In general, tanagers are small and medium in size and are gifted with amazing combinations of eye-catching and garish colours; they’re incredibly beautiful. Of course there are exceptions of tanagers with toned down, coyer colours, but in general, if it shines with eye-catching, metallic and attractive colours, it’s a tanager. They like to be accompanied, not only by others of the same species, but also by other species in mixed flocks, which means they are often easy to spot. They feed on anything and everything: insects, fruits and seeds, spiders, even nectar from flowers.

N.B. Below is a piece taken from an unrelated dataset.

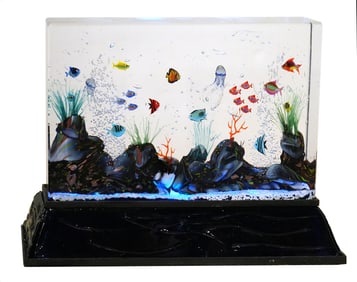 Large Elio Raffaelli Murano Art Glass Aquarium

In Mashpi, tanagers are two-a-penny and can be seen anywhere at any time; there are incredible species that merit being sought out at dawn, or on hidden paths after a good long walk, the effort recompensed with colours that neither the watercolours nor oils of artist could begin to imitate in beauty.
A true jewel is the emerald tanager (Chlorochrysa phoenicotis), that with its intense green colour, this bird from the Chocó is like the precious jewel of its name. It is endemic to the biodiversity hotspot of the Chocó, between Colombia and the northeast of Ecuador; it’s not very common but in Mashpi you can see it – it even approaches the bird feeders. It is also known as the shining tanager.

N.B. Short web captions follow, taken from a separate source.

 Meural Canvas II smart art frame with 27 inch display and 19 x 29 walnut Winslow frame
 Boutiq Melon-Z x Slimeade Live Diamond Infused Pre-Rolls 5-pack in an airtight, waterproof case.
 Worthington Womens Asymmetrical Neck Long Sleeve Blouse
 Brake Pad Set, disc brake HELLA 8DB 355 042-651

Emerald tanager or shining tanager (Chlorochrysa phoenicotis) in a snakewood tree.
Another species endemic to the Chocó that can be seen fairly easily in Mashpi is the rufous-throated tanager (Tangara rufigula). This species prefers humid forests at the feet of mountains, like those of Mashpi, and feeds on fruit, insects and arthropods like spiders.
Rufous-throated tanager (Tangara rufigula)
Another member of this enormous family that happily approaches the feeders and is easy to spot in Mashpi is the flame-faced tanager (Tangara parzudakii). In contrast to the other two species, its distribution is not restricted to the Chocó: it is found on both flanks of the Andes mountain range, between Colombia and Venezuela, and up to Peru.